There is an interesting wall paintings from the La Venta period. This is a drawing in the cave of Oxtotitlan. There sits a person with a kind of bird a bird costume and helmet, on a thing that looks like a typical altar in La Venta or San Lorenzo. The importance of this wall painting is just as unknown as that of the so-called Altars. What is the relation between a means equipped with bird attributes of people, sitting on something that was interpreted as a "monster mouth"? Moreover, the cave entrance Oxtotitlan with even a drawing that is supposed to represent, according to David Grove is also a "Jaguar monster face" - so a walk.
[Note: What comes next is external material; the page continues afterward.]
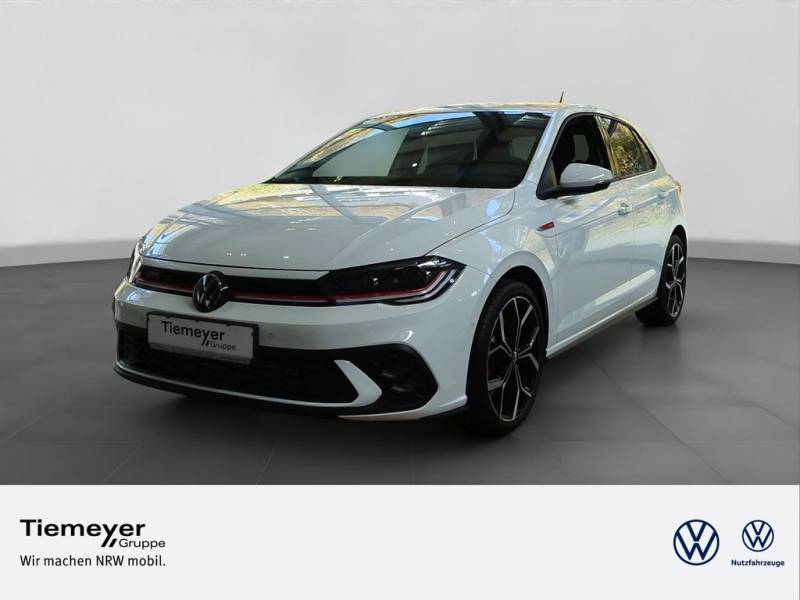 Volkswagen Polo 2.0 TSI DSG GTI IQ.DRIVE IQ.LIGHT NAVI REAR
That a "monster mouth" simply should symboliserien only a cave entrance can imagine I feel bad, because that would be unnecessary in this case, yes my song twice: a cave with a symbolic cave decorated. That makes no sense.
we go a few hundred years. The Zapotec of Oaxaca were from the beginning - 1200 BC. - With the Olmecs name. In San Jose Mogote, a kind of workshop outpost of San Lorenzo, were even then as objects of iron ore produced at the assembly line and those shown with non-human attributes. Around the year 500 BC. but was the motive, the elements of Jaguar, bird and snake combined together into imaginative monuments have become a typical and stereotyped Zapotec motif. About
BC 350th - Or even earlier - was built by the Olmecs, one of her typical astronomical and geometrical cities, this time near the Pacific coast, known as El Baul. Here findenwir not only the famous "astronauts" carved in stone - for the archaeologists now an example of a Werjaguar (see my paper "From Werjaguar to the rain god") - but also the "monster mouths, both manned and unmanned. Monumten 34 shows a kind of stylized Werjaguargesicht ", and the same motif is repeated on several other monuments of the site. Another monument shows a human figure who looks out from a "snake mouth." Perhaps the Maya began
BC already the year 300. construction of its magnificent stucco masks. It is stucco sculptures on buildings in the form of "Jaguar" - or "snake mouths, often equipped with jaguar claws, earrings," goggles "and glyphs. The archaeologists are also at a loss here and talk among others about a "rain god-monster-foot stucco mask" and other nonsense. These architectural embellishments may be much older than the later pyramids. They are found in Tikal, Uaxactun Nakb and, in places, which began during the time of the Olmecs. Here may have already been mixed with the monster mouths of the "crew" (crew), the "Jaguar helmeted men."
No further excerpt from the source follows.